Here's a link to the video from today:
The bit most relevant to this post is at around 66 minutes.

I'm particularly interested in where on earth Michael Gove's belief that his free market policies would improve education came from given that they contradict the evidence and the theory of the economics of state education. We get some insight into how his belief in this might have been endorsed at 30, 32 and 36 minutes

mike's picture
Wed, 06/06/2012 - 12:18

..and I read somewhere, wish I could remember where, that free schools in 2011 accounted for 0.001% of the provision but took 0.26% of the budget.

Janet Downs's picture
Wed, 06/06/2012 - 12:57

mike - the TES (1 June 2012) had an article about how Gove was moving towards for-profit schools. It said that £337 million had been spent on free schools up to April 2012.

Allan Beavis's picture
Tue, 29/05/2012 - 22:49

Gove also used his appearance at the Leveson Inquiry to trumpet on about not stifling press freedom as if the Inquiry itself had departed away from examining the often dubious co-dependence of politicians and media.

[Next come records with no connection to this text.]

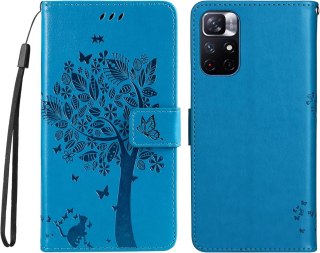 ETUI POKROWIEC DO XIAOMI REDMI NOTE 11 4G NIEBIESKIE Z KLAPKĄ 2x SZKŁO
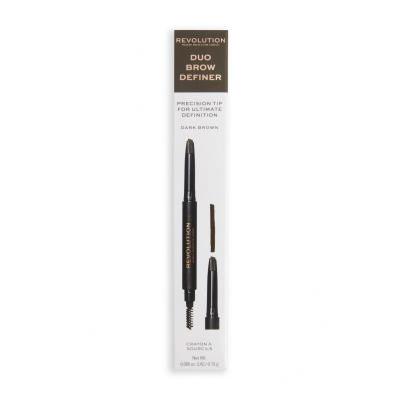 Makeup Revolution London Duo Brow Definer Szemöldökceruza nőknek 0,15 g Változat Dark Brown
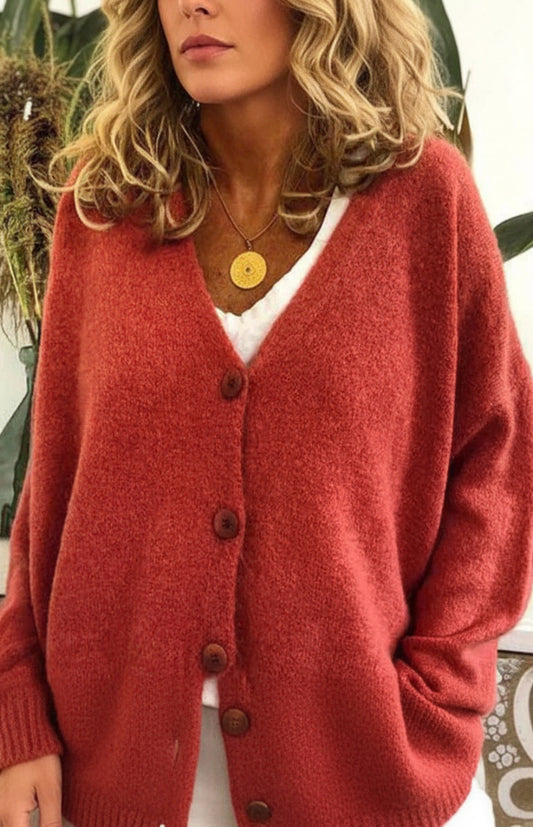 Cozy V-Neck Knit Cardigan for Women - Stylish Layering Essential in Soft Fabric 6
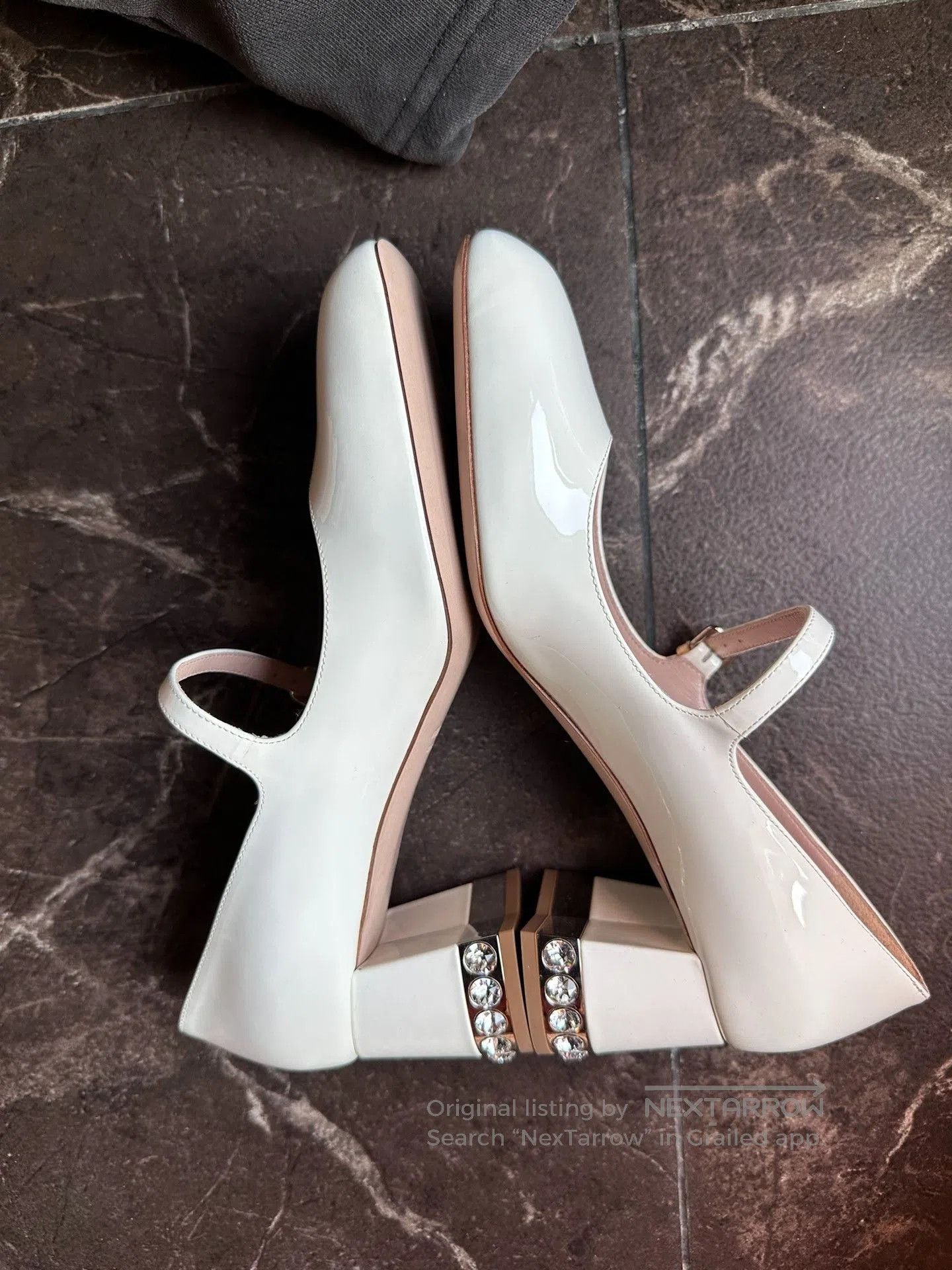 Miu Miu Miu Miu Beige Mary Jane Leather Shoes. Size US 4 / IT 34 - 3 Thumbnail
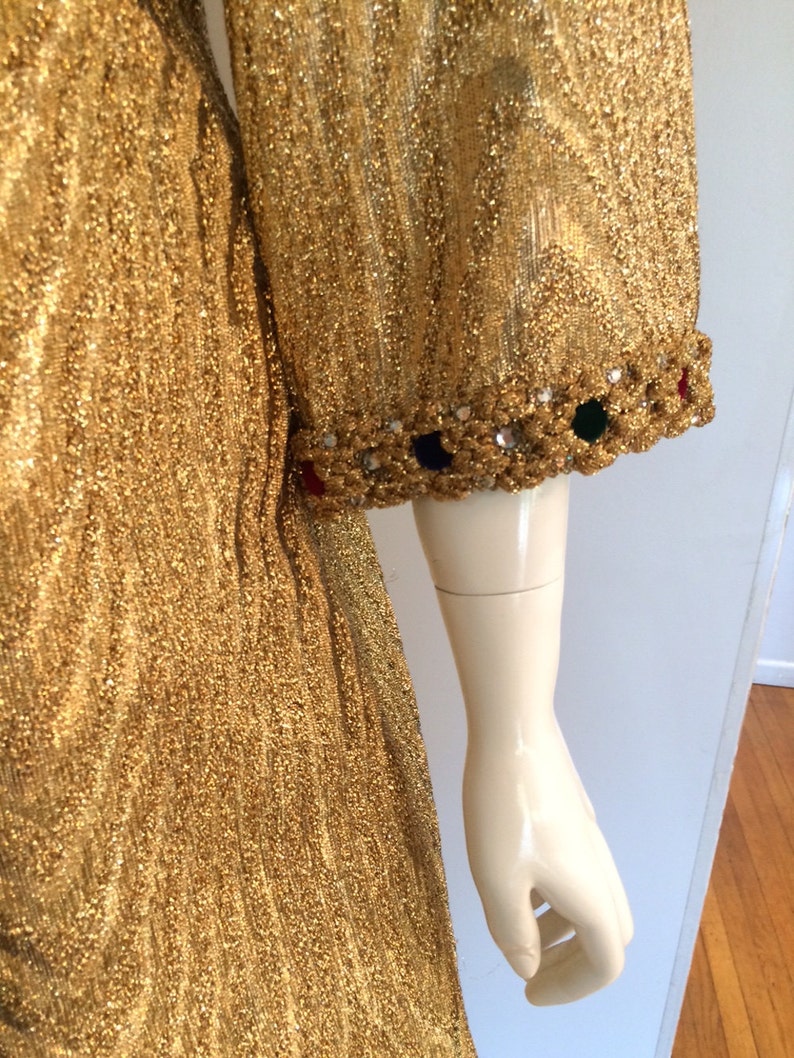 Vintage 1960/'s Metallic Gold Holiday Cocktail Shift Dress with Crystal and Velvet Embellishment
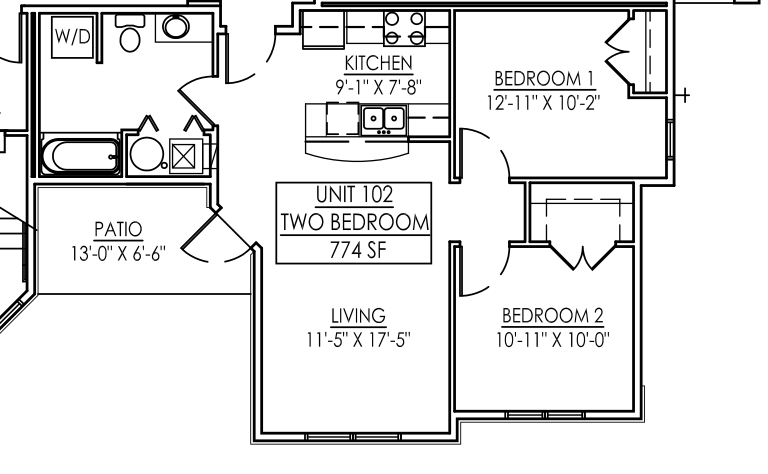 Two Bedroom One Bath Floor Plan 5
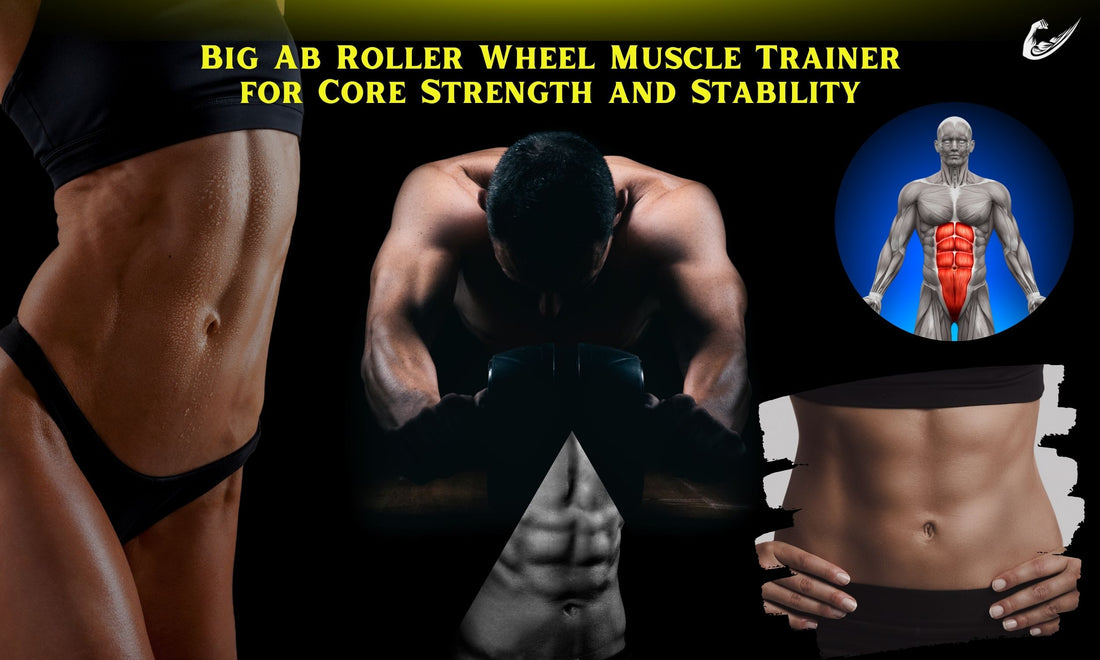 Big Ab Roller Wheel Muscle Trainer for Core Strength and Stability male and female models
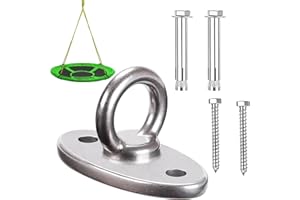 WQNNQW Ceiling Hook, Heavy Duty, M8 Eye Plate Swing Hook, Concrete Ceiling Hanger, Hammock Hanging Hardware Oval Bracket Set, Stainless Steel 304 Wall Eyelet Hook, for Hanging Chair, Sling Trainer, Yoga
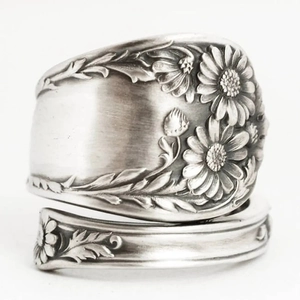 Anello Cucchiaio Margherita Vintage Colore Argento Antico Lega Goffrata Retrò Aperto Regolabile Gioielli Da Donna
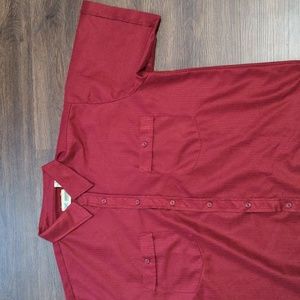 Haband Men's Size XL Vintage Polyester Thin Red Short Sleeve Button Down…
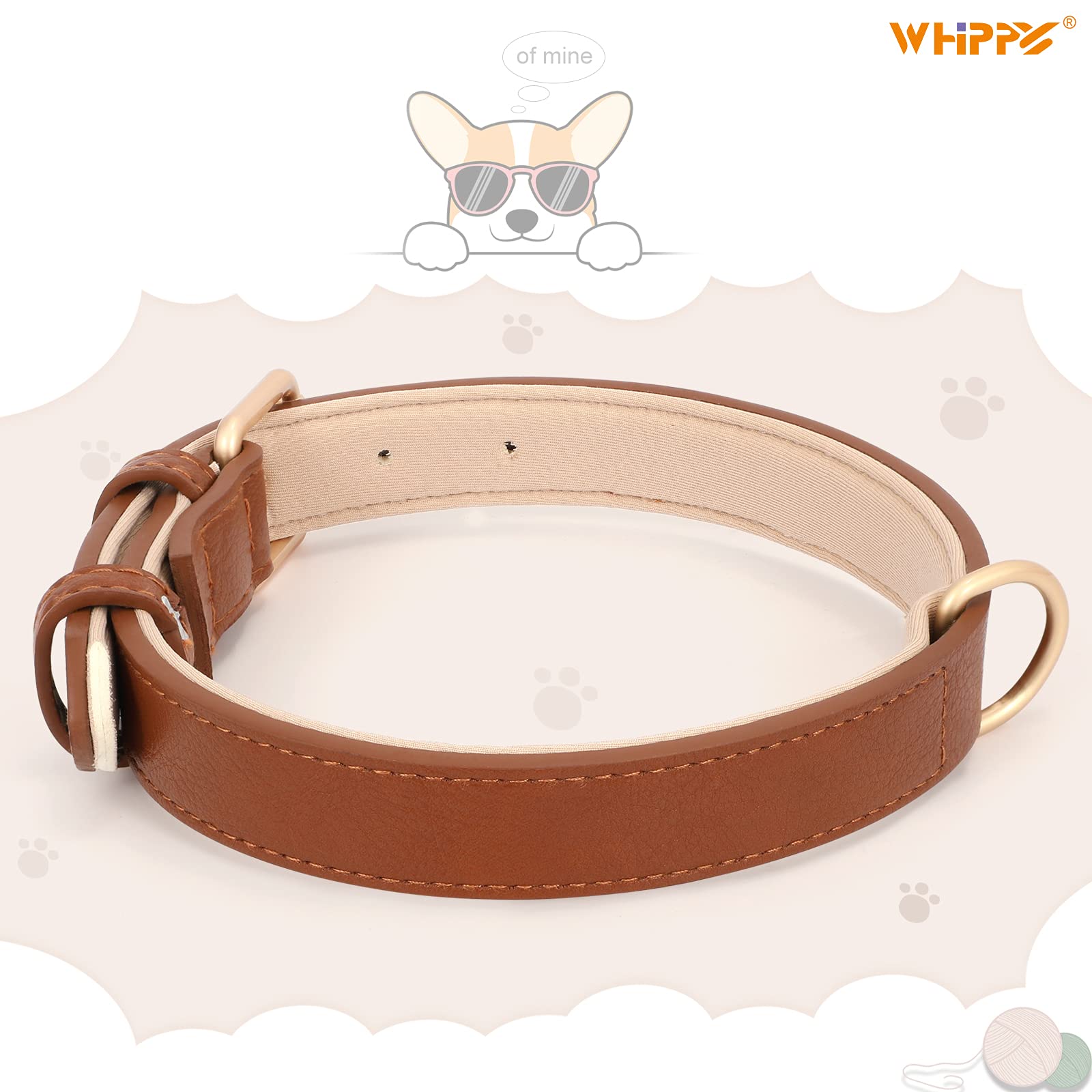 WHIPPY Leather Dog Collar padding inside emphasizes breathable soft padding for comfort.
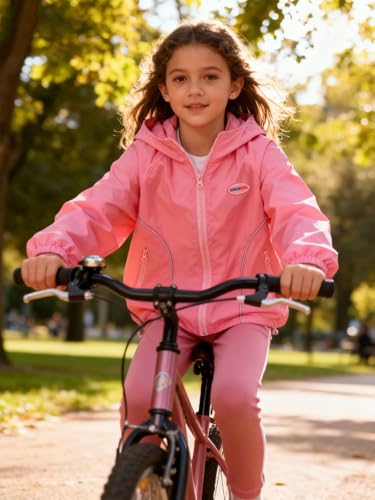 Image of WELAKEN Lightweight Jacket for Girls Kid Teen Waterproof Windbreaker Hooded Rain Coats with Pockets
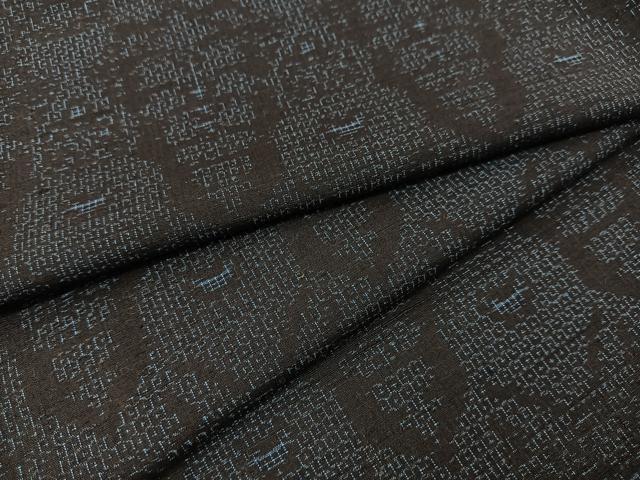 平和屋着物●結城紬　80亀甲　草花文　正絹　逸品　BAAT0914yc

If Gove is really so intent on freedom of speech, why does he not publish his emails, especially those he sent through private emails and his wife's account? And why did his special adviser tell the DfE not to comply with FoI requests?

Janet Downs's picture
Thu, 31/05/2012 - 12:10

Mr Gove flattered certain newspaper editors (to keep them on-side) and praised the intelligence of the public who were, he said, shrewd enough to see through spin. This makes it appear as if his words are reliable and honest - how could the public possibly doubt the utterances of someone who recognises that the public are so discerning that they can see through political spin? To mistrust his words would be to doubt his judgement - and that would mean doubting his judgement about the perceptiveness of the public.

Janet Downs's picture
Thu, 31/05/2012 - 12:19

Mr Gove robustly defended the freedom of the press. He invoked Orwell - free speech, if it meant anything at all, meant offending some people at some time. But Gove fundamentally misunderstands free speech. He praised journalists who could present a case forcefully and with "elan". This implies that style trumps substance - it doesn't matter what view is being presented just as long as it is done with panache or passion. Free speech is essential for getting at the truth - that's why dictators and repressive regimes stifle it. But free speech carries with it the obligation to tell the truth - free speech is not the freedom to distort, misrepresent and lie, no matter how elegantly it is expressed or how robustly it is delivered.

tim bidie's picture
Sat, 09/06/2012 - 06:14

In every walk of life there are commercial organisations doing untold good, whilst making profits that are reinvested to improve service.

Why should schools be any different?